EXHIBITIONS

石川順惠

2018.09.01 - 10.20

石川順惠 Impermanence — 苧環 2014 © Yukie Ishikawa Courtesy of the artist and Blum & Poe, Los Angeles /New York / Tokyo

 ペインター・石川順惠(ゆきえ)の活動30年の取り組みを紹介する、BLUM & POEでの初個展が開催される。

 アメリカやヨーロッパ各地で、新しい美術の可能性を模索したネオ・エクスプレッショニズム(新表現主義)の動向が席巻した1980年代後半に、作家としてのキャリアをスタートさせた石川。

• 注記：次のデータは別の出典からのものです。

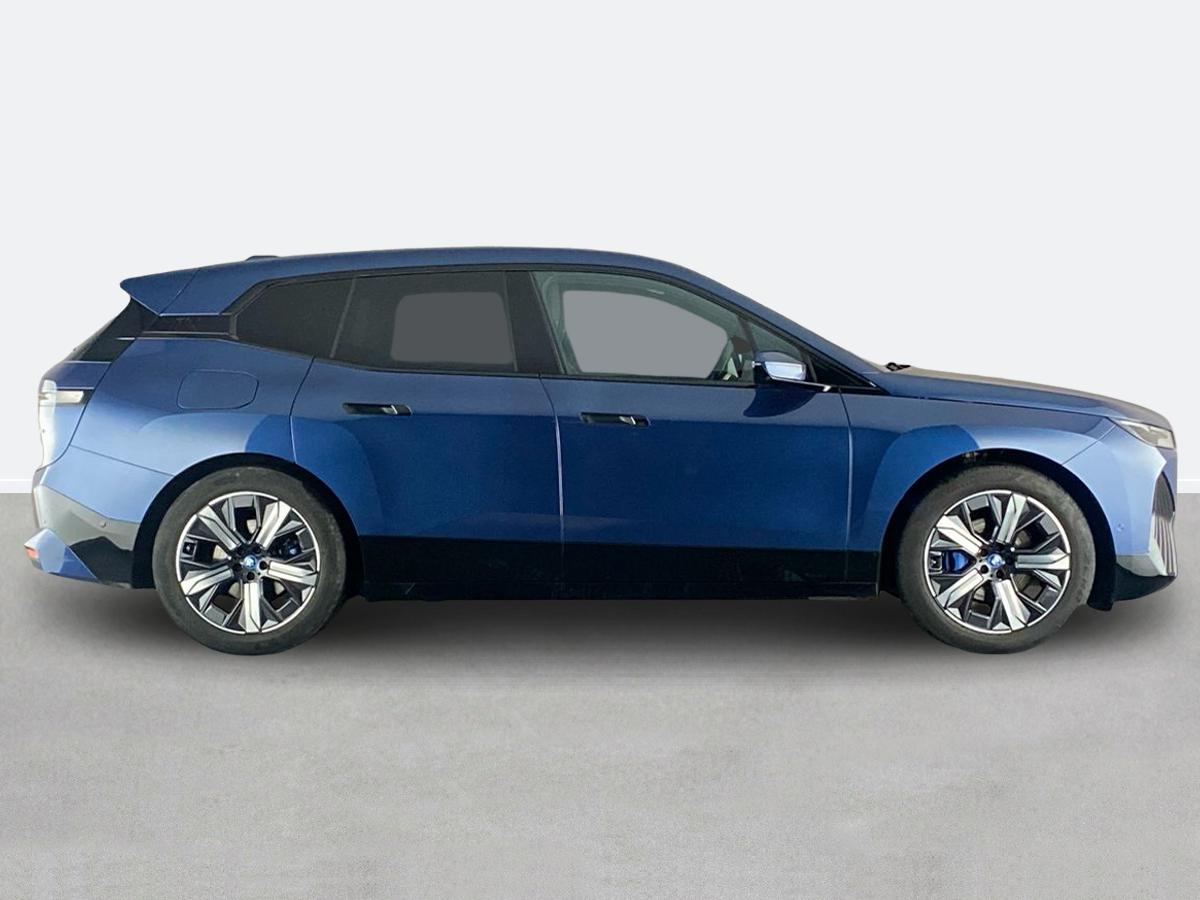 Used BMW iX 2022 for sale - 76636973: Photo 2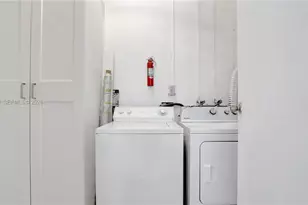 1105 N 31st Ct, Hollywood, FL 33021 - Photo 19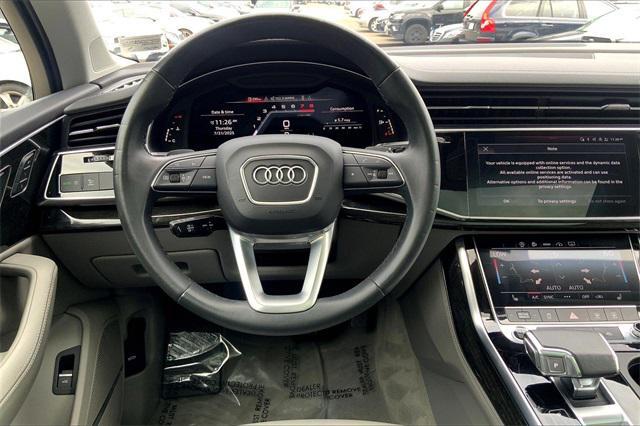 Photo of 2023 Mythos Black Metallic Audi Q7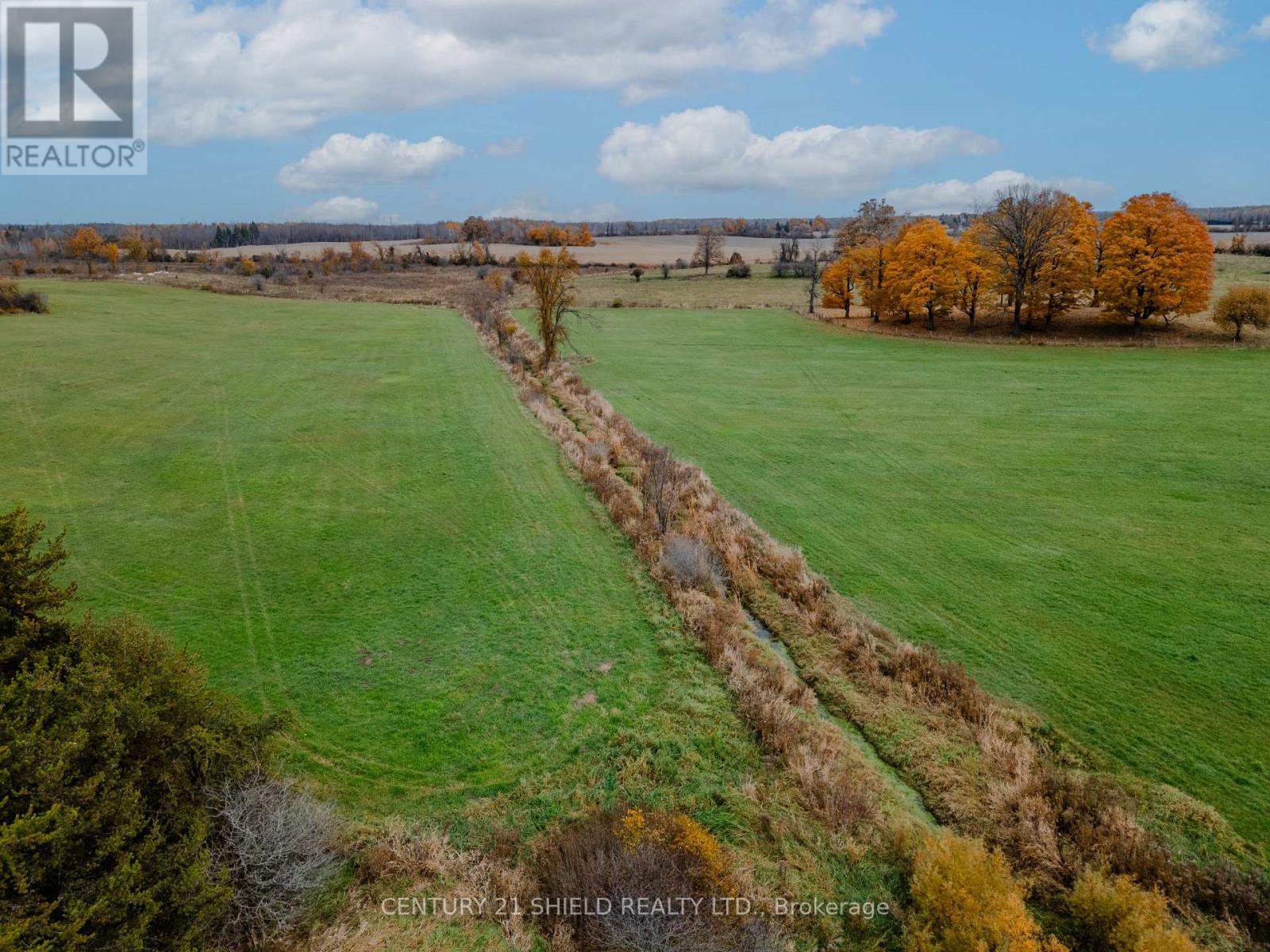 18985 Paragon Road, South Glengarry, Ontario  K0C 2E0 - Photo 6 - X12434328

日本でも、バブル経済を時代背景とし、デザインや消費文化といった時代性を反映しながら、既存の美術を乗り越えていくような新しい美術手法が模索された。

 このような状況下、そして日本におけるニュー・ペインティングの台頭とともに実践を展開してきた石川は、雑誌や広告といった印刷物から日常的なイメージを選択し、絵画を制作。元のイメージが持つ固有性を曖昧にするように抽象性を構成し、彩色を施すことで、3次元的空間とは一線を画す絵画的な空間を生み出すことを探求してきた。

 本展では、入り組んだ構成からなる「Impermanence(非永続性)」シリーズより、作家がスタジオの窓から見える風景の移ろいを前に、瞑想的な状況から着想した作品を発表。未完成のペインティングを加筆し、すでに完成したかに見える旧作を再構成することで、これまでの作品とは異なる絵画構造を打ち出す。